## Source data
══════════

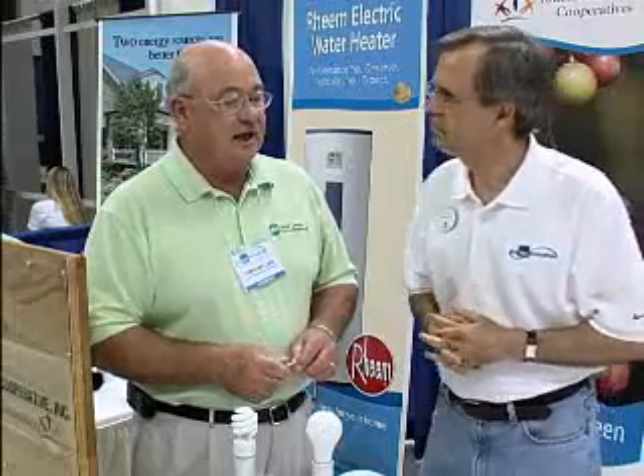The compact fluorescent light — the CFL as we call them — the way they're made and designed, they're going to save you quite a bit on your energy bill.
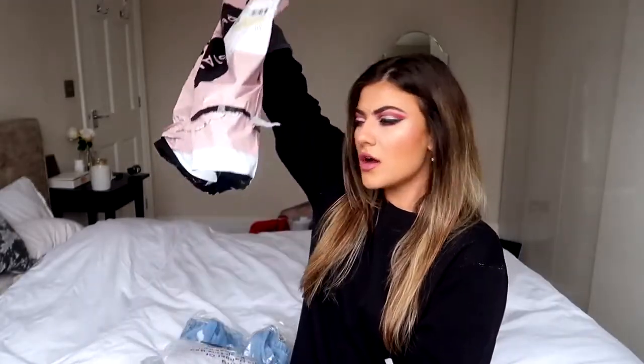Without further ado, let's get on into the video. If you are new here, hello my lovely — I am Sab, welcome to the Sab Fam. Give us a big thumbs up if you like what you see and don't forget to subscribe. So I got two pairs of jeans and I feel like we should start with those.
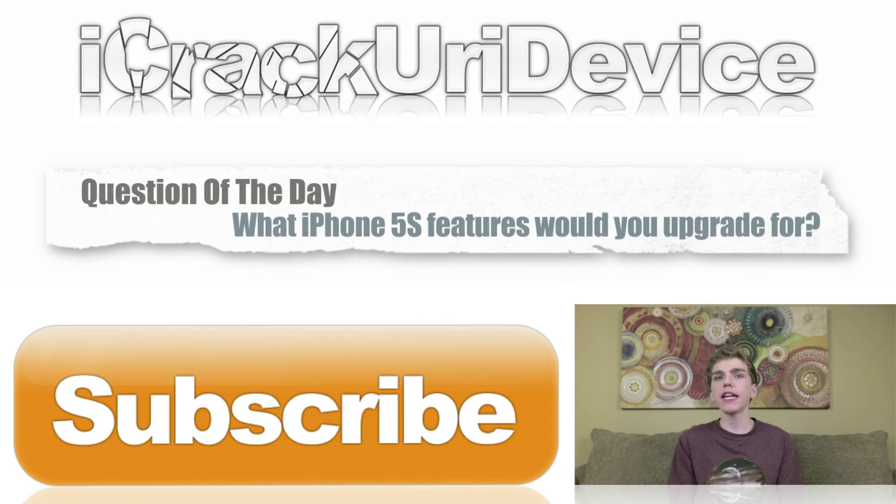That's it for this episode. For the question of the day, let me know down below in the comment section: what would make you upgrade to the iPhone 5S? A lot of people I've spoken with said they will not upgrade from the iPhone 5 if it's simply a minor internal processor and camera upgrade. So what would make you switch from the iPhone 5 to the iPhone 5S — or whatever the next-generation iPhone ends up being called? Let me know down below in the comment section or on Best Tech Info.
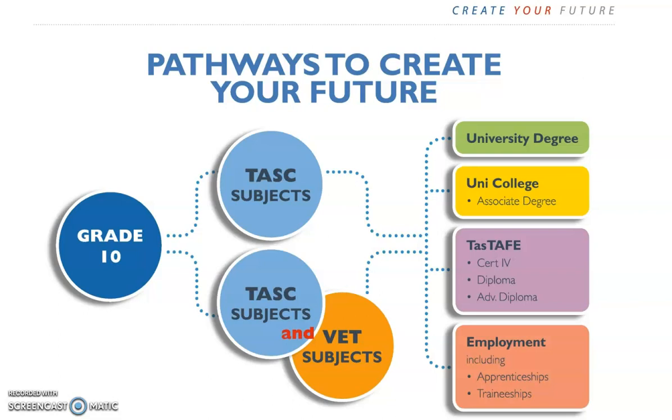Students in Year 11 typically study TASC subjects or a combination of TASC and VET subjects. TASC stands for the Tasmanian Assessment Standard Certification. This regulator is responsible for issuing you with your TCE at the end of Year 12. TASC subjects include many of the subjects you are already familiar with, for example English and Math subjects at differing levels of difficulty.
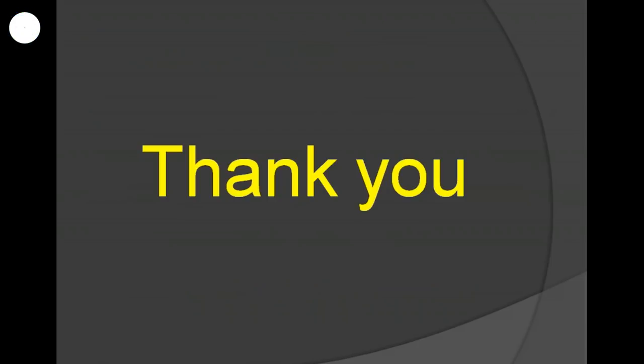That's all about the last minute tips for PTE academic exam — covering speaking, writing, reading, and listening modules. If you have any queries or questions, you may ask in the chat box. I am going to end this webinar here. I hope these tips will work for you. Thank you so much for joining this webinar.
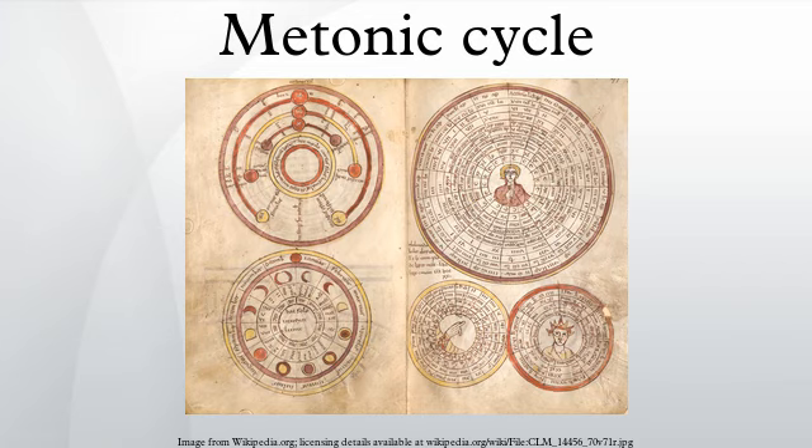Traditionally, for the Babylonian and Hebrew lunisolar calendars, the years 3, 6, 8, 11, 14, 17, and 19 are the long years of the Metonic cycle. This cycle, which can be used to predict eclipses, forms the basis of the Greek and Hebrew calendars, and is used for the computation of the date of Easter each year.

══════════

## Your goal
There should be an exact restatement of the lines from the line with "That's all about" through the last line of the entries above, and no pictures in it.

## Answer
That's all about the last minute tips for PTE academic exam — covering speaking, writing, reading, and listening modules. If you have any queries or questions, you may ask in the chat box. I am going to end this webinar here. I hope these tips will work for you. Thank you so much for joining this webinar.
Traditionally, for the Babylonian and Hebrew lunisolar calendars, the years 3, 6, 8, 11, 14, 17, and 19 are the long years of the Metonic cycle. This cycle, which can be used to predict eclipses, forms the basis of the Greek and Hebrew calendars, and is used for the computation of the date of Easter each year.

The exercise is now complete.